Further, the prosecutor’s comments were not objected to by the defendant during the State’s closing argument, nor were the comments raised as error in the defendant’s post-trial motion. Normally, this would result in a waiver of the issue on appeal. (People v. Precup (1978), 73 Ill. 2d 7, 382 N.E.2d 227.) Waiver can only be avoided when the error is considered to be plain error under Supreme Court Rule 615(a). (Ill. Rev. Stat. 1977, ch. 110A, par. 615(a).) Even if the prosecutor’s comments constituted plain error, it was clearly harmless. (People v. Green (1979), 74 Ill. 2d 444, 386 N.E.2d 272.) Given the evidence presented and the conduct of the defendant during trial, the jury could have easily concluded, without the prosecutor’s comments, that the defendant indeed spoke and/or understood English better than he contended, and consequently the interpreter may not have been required.
The second error that the defendant contends mandates reversal concerns the comments of the trial court following the revelation to the jury that both of Gomez’ co-defendants pleaded guilty to burglary. After stating that “[wjhile it’s not determinate [sic] of this defendant’s guilt or innocence, the co-defendants both plead guilty in this case,” the trial court commented, “For what it’s worth, those are the facts.” The defendant takes the position that these comments reflect a “negative attitude” on the part of the trial court, and erroneously indicated to the jury that little weight should be given to this evidence. We find no merit in this argument. From our reading of the record, we do not believe that the trial court’s statements amounted to a negative comment on the value of the evidence of the co-defendants’ guilty pleas. Mejia and Sollis’ guilty pleas were in fact not determinative of the defendant’s guilt or innocence, and the subsequent “for what it’s worth, those are the facts” comment possesses, in our view, neither positive nor negative overtones. There is no error here.

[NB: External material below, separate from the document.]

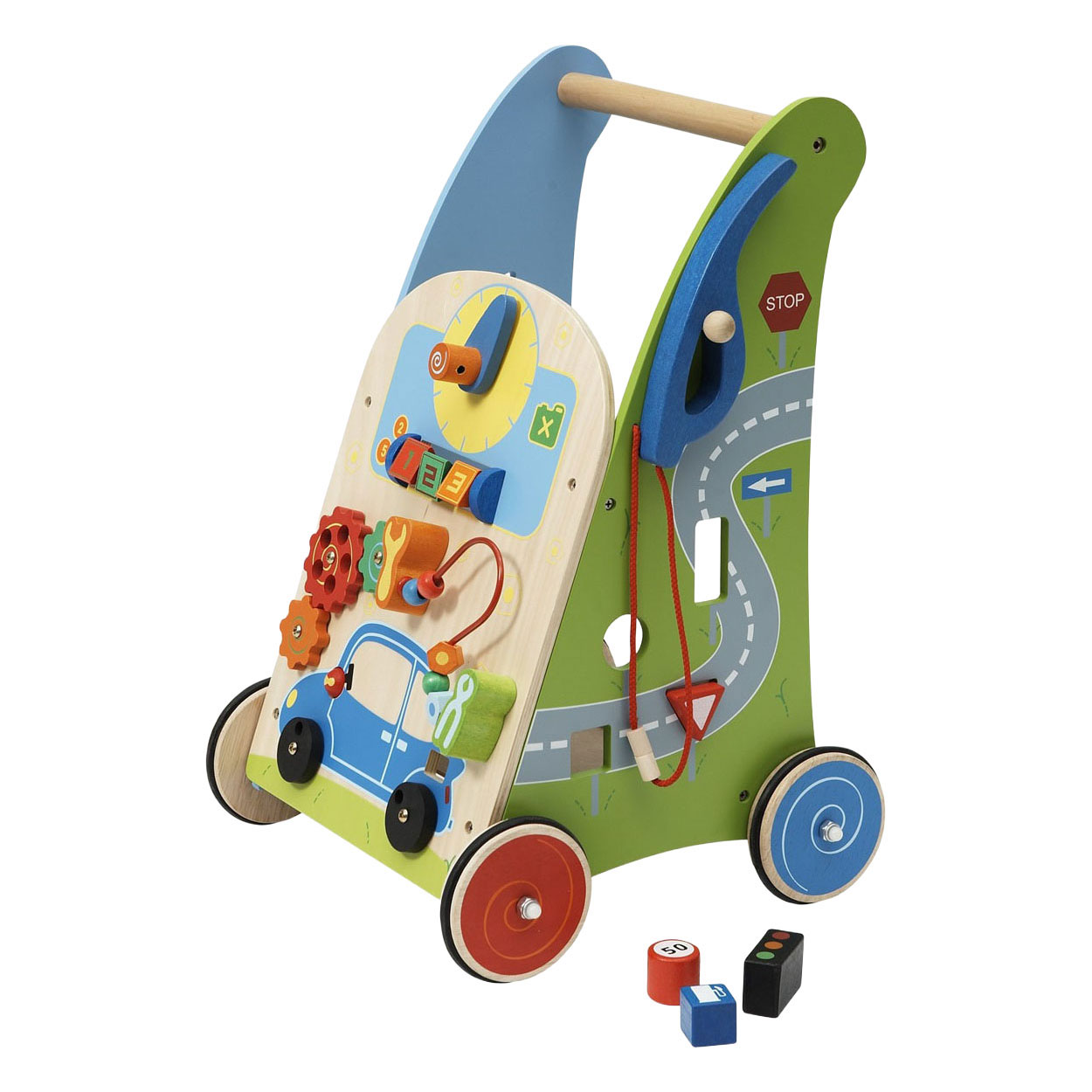 Primi Passi - Houten Loopwagen met Activiteiten Garage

*791The defendant’s final allegation of error concerns the State’s rebuttal evidence in the form of testimony by Officer Brockway that on a number of occasions he spoke with the defendant in English, and the defendant did not have any difficulty in conversing with him. The defendant takes the position that this rebuttal testimony should not have been allowed. We believe, however, that the allowance of Brockway’s testimony was proper. Brockway’s testimony was offered to disprove the defendant’s claim that he had difficulty in speaking English. Rebuttal evidence “which would tend to ‘explain, repel, contradict or disprove the evidence of the defendant,’ ” is allowable. (People v. Waller (1977), 67 Ill. 2d 381,387,367 N.E.2d 1283, 1286.) Additionally, there is nothing unduly prejudicial in Brockway’s testimony. Although he was a police officer, his statement that he had “contacts” with the defendant over a period of time does not necessarily imply that those contacts arose out of some criminal activity on Gomez’ part.
For the reasons we have stated, we affirm the judgej of the Circuit Court of Rock Island County.
ALLOY, P. J., and STOUDER, J., concur.